Mt. Vernon School Corp. sued the parents in Indianapolis Federal Court.
The public school district claims it went above and beyond the requirements of the Individuals With Disabilities in Education (IDEA) Act, even after the defendant M. family had declined its services, after originally participating in the school’s plan and agreeing with it.
Under the IDEA, school must develop an individually tailored education plan (IEP) for parents who demand one.
Public schools can be required to pay for the cost of carrying out a child’s IEP, which in the case of severely disabled children can come to hundreds of thousands of dollars a year.
Mt. Vernon claims, among other things, that the defendant parents, who requested “private placement,” demanded, and received a due process hearing.
“At the due process hearing, the defendants presented zero evidence of a program tailored to meet the individual needs of [the child] A.M.,” according to the complaint.
Mt. Vernon says that the only witness who appeared at the hearing for the private placement service “indicated that:
“a) she did not feel comfortable speaking about A.M.’s needs;
“b) that [the private placement service] had not met A.M. or evaluated him;
“c) that [the private placement service] did not have an IEP developed for A.M. and
“d) that there was not behavior plan or transition plan developed.

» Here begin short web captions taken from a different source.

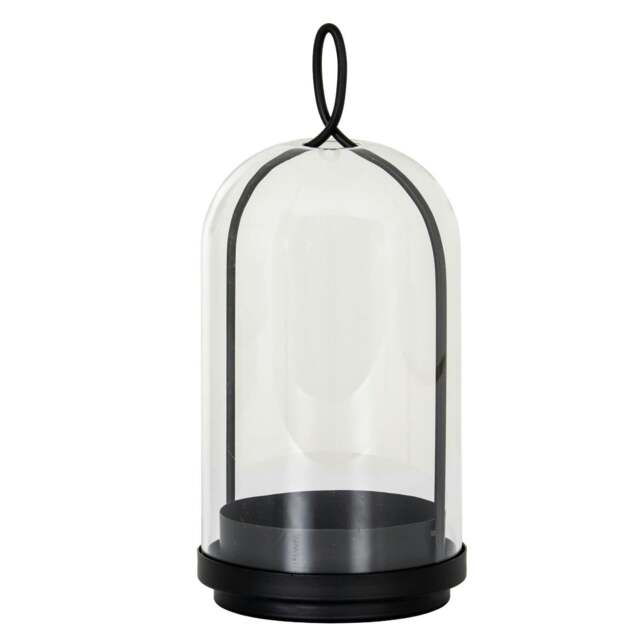 Rackhams Nysa Candle Lantern - Black - Black - 25cm x 15cm x 15cm - 100% Mixed - image 1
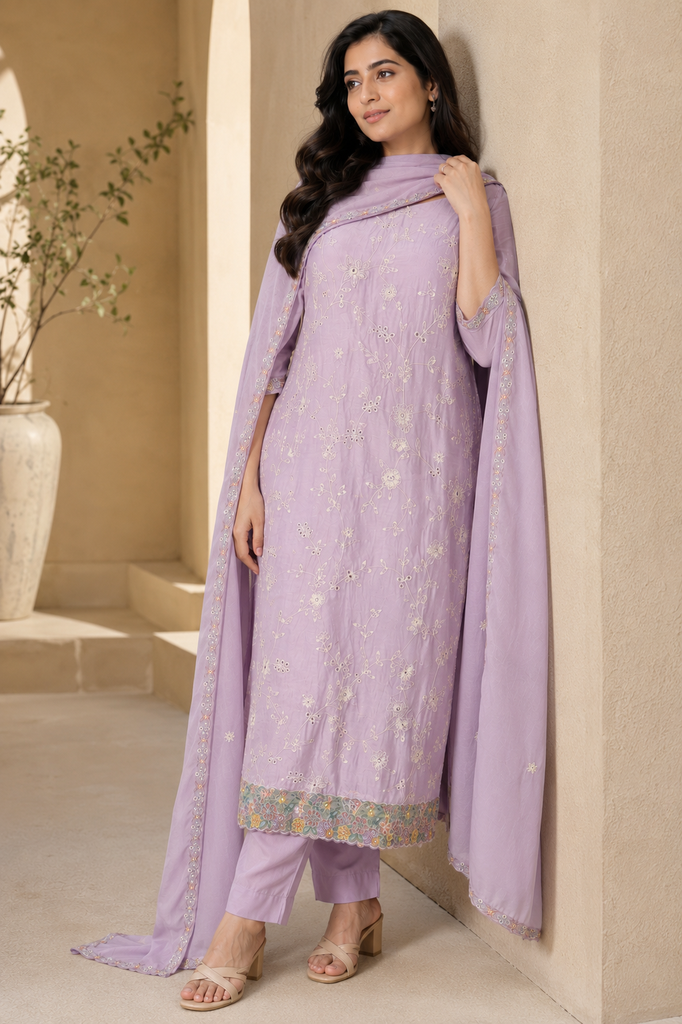 Lilac Bloom Embroidered Suit Set ✨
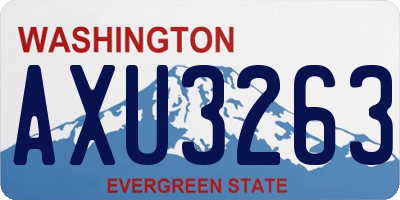 WA license plate AXU3263
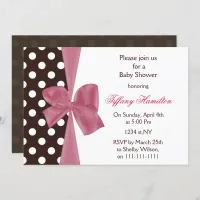 trendy chocolate pink bow Baby shower Invitation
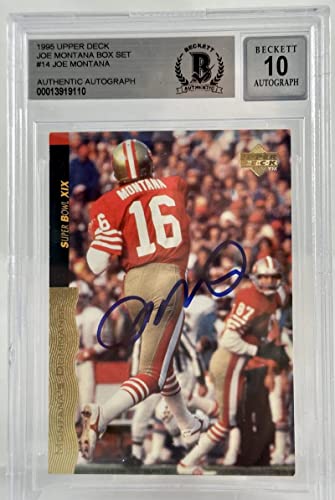 1995 Upper Deck Box Set #14 Joe Montana Auto SF 49ers BGS Autograph 10
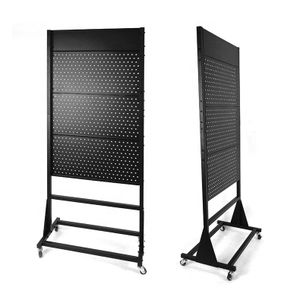 Factory price advertising metal pegboard display  floor standing display stand removable shelf rack with hanging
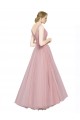 Online Long Floor Length Wide Strap Plunge Cross Over Neckline Tulle Bridesmaid Dress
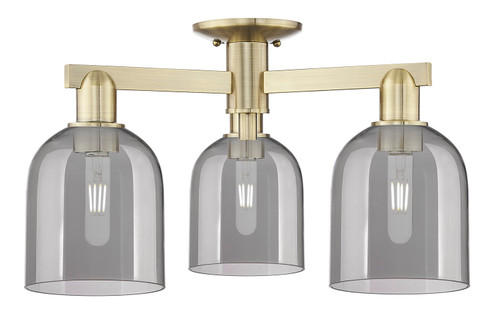 Arcadia Three Light Semi-Flush Mount in Antique Brass (405|7163FABG5586SM)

“This clearly does not meet defendants’ burden of demonstrating the appropriateness of a program individualized for A.M,” the complaint states.
Nonetheless, the Independent Hearing Officer ruled for the parents, and ordered the private provider to “devise an IEP” for the child, to be implemented by the private provider.
Mt. Vernon appeals that ruling to the Federal Court. It claims, among other things, that the hearing officer abused her discretion by not allowing the school to even “ask relevant questions of the defendants.”